Seamless Service Migration
Hooroo, in the company’s short 5 year lifespan, has done a lot of growing. We’ve already got a “legacy” application, which is naturally our bread-and-butter, moneymaker app. We’ve also got services that support or utilise that legacy application, and they’re nice and separate and only interact via HTTP api and all such nice things. And finally we’ve got the quintessential new platform rebuild, from scratch with new decisions around architecture, domain design, etc. Along with all of this, we have three or four different infrastructure setups, generally tracking along with these other stages of application – and that is uncomfortable. Today we’ll be discussing moving one of our applications from an “old” infrastructure to our current infrastructure.
So what are we looking at?
The application under the limelight today is one of our biggest drivers of traffic. It integrates with Qantas and Jetstar’s flight-booking platforms to generate an email of hotel offers to customers who have recently made a flight booking. It it thus named, potentially confusingly, “Flightbookings”. The infrastructure this was originally deployed within was using AWS’ Opsworks program.
Specifically, Flightbookings was deployed into Opsworks with a stock-standard Ubuntu 14.xx image, and was managed server-side with chef cookbooks that were partially opsworks provided. The cookbooks themselves proved difficult to work with when execution order needed to change, and upgrading chef cookbook versions was also another “fun” exercise. This alone meant that spinning up new hosts was slow, and since cookbooks were utilised in the deployment step, deployment was also slow. We’re talking eight-minutes slow. For a reasonably small application. We were also running our applications on EC2 instances outside of a VPC.
Our new infrastructure trades OpsWorks for CloudFormation, and Chef for Puppet. Puppet alone has been a big improvement over Chef in our case, though this may also have something to do with having complete control over the layout and execution order of our puppet recipes. Our deployment is now started as a tarball pushed to S3, which is then grabbed by CodeDeploy and dropped onto the server. We deploy into our own AMIs derived from Amazon Linux, and we run our tests and build in a CentOS6.5 docker container, allowing us to vendor gems at tar-time, as we have found them to be binary compatible. This all adds up to speed improvements both in terms of host spin-up and app deployment.
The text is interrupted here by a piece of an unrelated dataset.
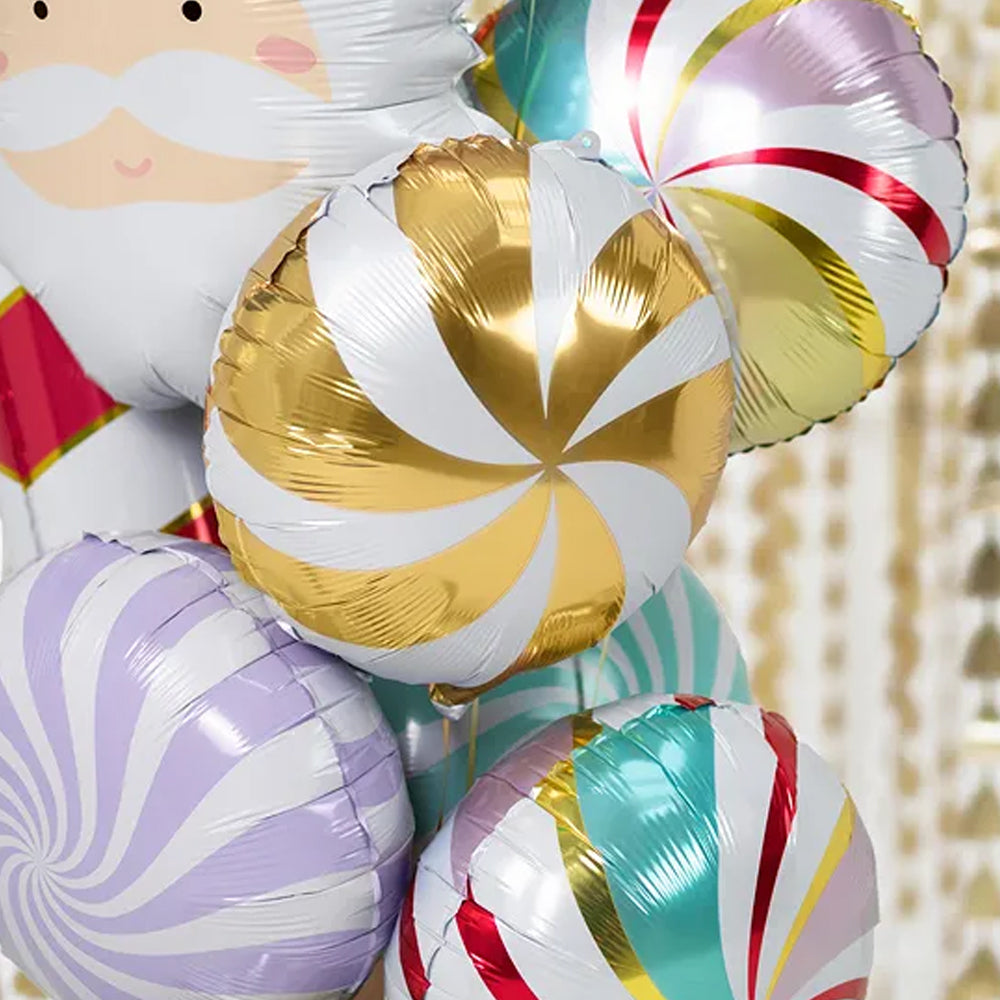 Candy Swirl Gold Foil Balloon - 14"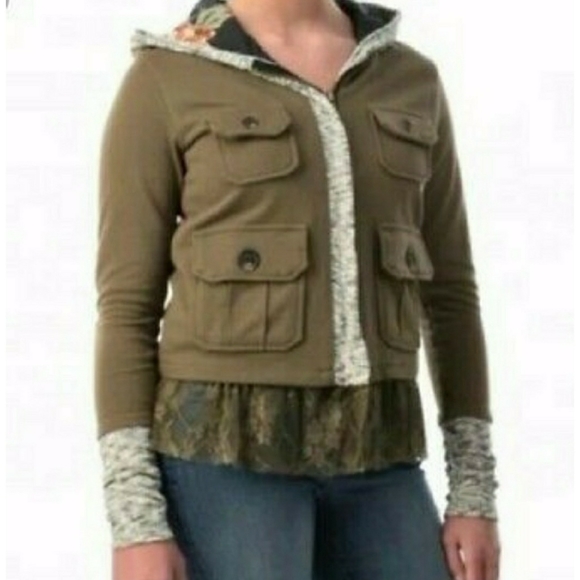 Anthropologie Olive Green Hooded Jacket With Lace Trim! - Picture 2 of 8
Oh, and everything is deployed to a VPC, Security Groups are restrictive by default, and everything is private by default.
It could be said that this migration started sometime early last year. Originally, Flightbookings would receive a payload from either of the upstream services and process it effectively immediately. This is great in terms of development simplicity, but is really no good in terms of maintenance or any other case in which the application is removed from service, where we may lose or “miss out” on the data being sent to us. So the first thing that really happened for this migration was we created a completely new service solely to collect the payloads from the upstream services, and place them on a queue for subsequent processed by Flightbookings. The new service was thusly named “Flightbooking-Events”, is deployed in our new infrastructure, and deployed with CodeDeploy. So from the point of view of Qantas or Jetstar, we are still happily receiving their payloads – no downtime whatsoever.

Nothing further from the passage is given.